November 22, 2016

Plant File: Rhus typhina (Staghorn Sumac)

So what do you plant if you:
a) want brilliant fall color and
b) are avoiding the burning bush, which can be very invasive?

the staghorn sumac!

We happen to have an abundance of these around town.
I'm glad I got some pictures this year.
Seeing those brilliant reds and oranges just makes my heart sing!
(Although by this point, most of those leaves have fallen.)

Scientific name: Rhus typhina
Common name: staghorn sumac
Cold Hardiness: USDA zones 3-8
Native to Eastern North America. Yeah!
Full sun (for best fall color) to part shade.
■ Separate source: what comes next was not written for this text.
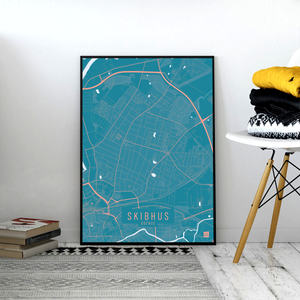 Skibhus by plakat local poster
*Yes, they are related to the poison sumac (Rhus vernix), but staghorn sumacs are not at all poisonous.
In fact, they're edible! (see below) *

The fuzzy-looking red part is the seedhead.
You can actually dry & crush the berries for a tart-flavored spice, or make a red lemonade out of the berries! Serious Eats has a post all about harvesting the sumac and using it in cooking.
Also, I just learned from that post that the poison sumacs have white clusters instead of red.
Now you know.
So go forth to forage, and don't get them mixed up!
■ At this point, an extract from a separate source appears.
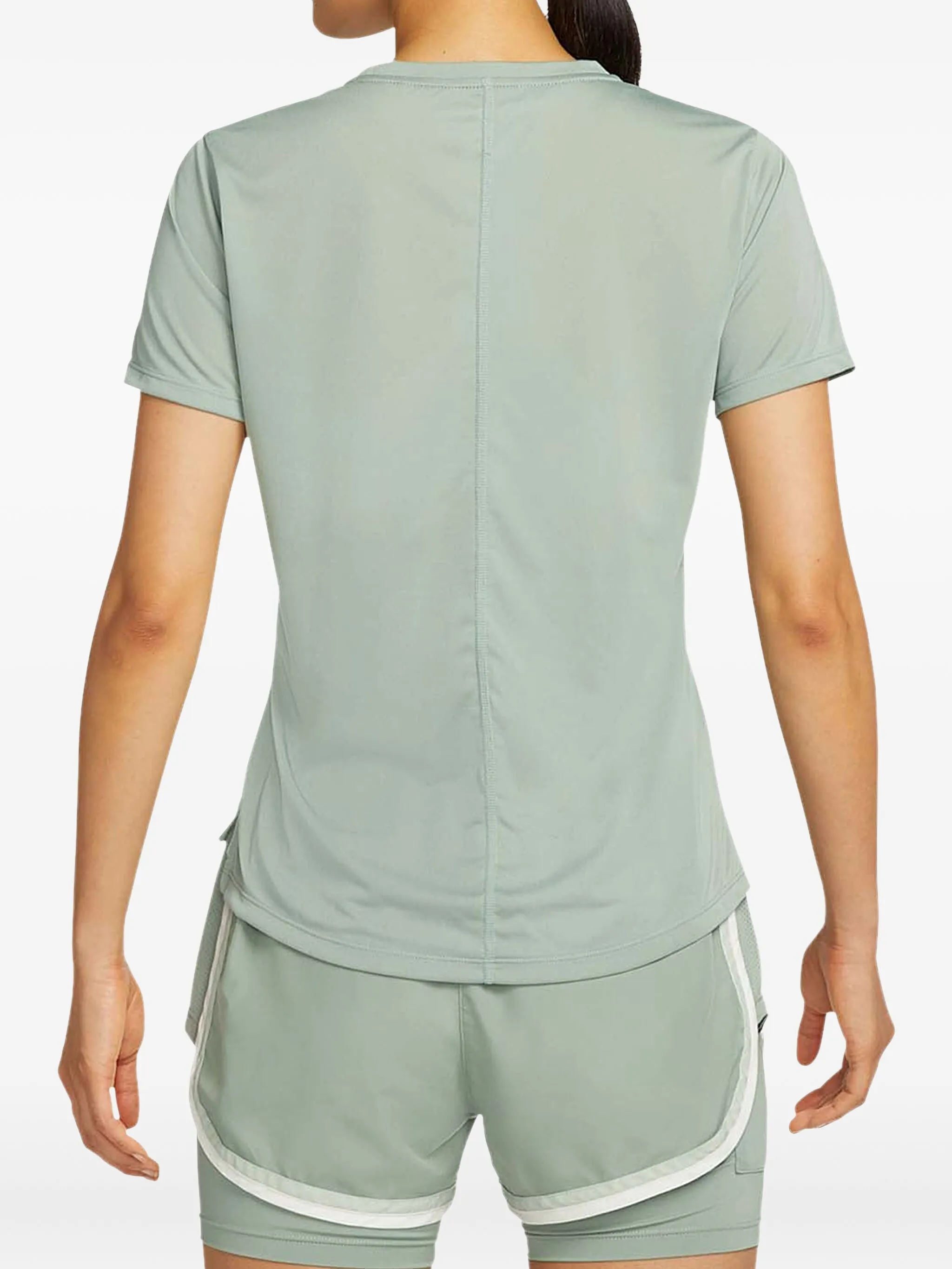Футболка Dri-Fit Swoosh Run Nike, зеленый — фото 3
p.s. If you aren't inclined to eat the berries, local wildlife will take care of it for you!

I also just learned from another site that the roots and inner bark can be used for dye.
All kinds of goodness here!

This one is still quite young, based on size.
These tend to spread horizontally more than vertically.
Opinions vary on height and width, (don't they always?!), but the average is 10'-15' tall x 15'-25' wide.
I will say though, it's fairly slow growing, so it may take it several years to reach its full height and width.
 It spreads from root suckers, so don't plant it if you don't have room for it to do its thing.
Otherwise, you'll be stuck removing the new little shrubs popping up from those roots forever and ever amen.

Check out this purple-red one!

I love these shrubs for their hardiness.
Not much seems to faze them.
They adapt to a variety of soil and are drought tolerant once established.
The one we had growing our back slope (in straight clay soil) survived 3 construction projects going on around it, before it finally succumbed to an early demise.
That was a sad day.

Bi-color. So cool!

The "staghorn" part of their name comes from the way the new branches are fuzzy, kind of like new antlers. So fun!

These have been around awhile.
They're down around one of our fire stations.
Grouped like this they are quite striking!

We just planted 3 more of them at the top of our slope this summer.
Oh yeah--they're good at holding up slopes, too.
Fibrous roots that spread out, and all that.